*** Opening of THE DATA ***

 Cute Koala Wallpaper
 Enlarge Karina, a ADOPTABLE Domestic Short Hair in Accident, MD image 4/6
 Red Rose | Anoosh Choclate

*** Close of THE DATA ***
*** Opening of THE DATA ***

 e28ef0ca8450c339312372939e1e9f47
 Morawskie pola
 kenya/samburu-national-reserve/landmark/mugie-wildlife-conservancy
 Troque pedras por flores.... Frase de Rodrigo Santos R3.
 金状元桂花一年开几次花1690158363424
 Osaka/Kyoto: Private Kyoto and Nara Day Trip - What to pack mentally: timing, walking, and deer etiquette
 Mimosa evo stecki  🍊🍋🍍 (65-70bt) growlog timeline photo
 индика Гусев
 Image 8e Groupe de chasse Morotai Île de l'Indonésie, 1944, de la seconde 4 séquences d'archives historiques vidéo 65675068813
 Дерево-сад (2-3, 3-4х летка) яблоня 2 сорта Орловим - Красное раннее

*** Close of THE DATA ***
*** Opening of THE DATA ***

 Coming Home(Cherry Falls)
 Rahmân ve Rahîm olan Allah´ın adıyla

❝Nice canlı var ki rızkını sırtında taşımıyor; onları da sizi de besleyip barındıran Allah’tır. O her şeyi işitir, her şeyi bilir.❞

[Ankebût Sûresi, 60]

*** Close of THE DATA ***

YOUR INSTRUCTIONS: Show all lines from the listing above in which "Allah" appears.

WORKED SOLUTION:
 Rahmân ve Rahîm olan Allah´ın adıyla
❝Nice canlı var ki rızkını sırtında taşımıyor; onları da sizi de besleyip barındıran Allah’tır. O her şeyi işitir, her şeyi bilir.❞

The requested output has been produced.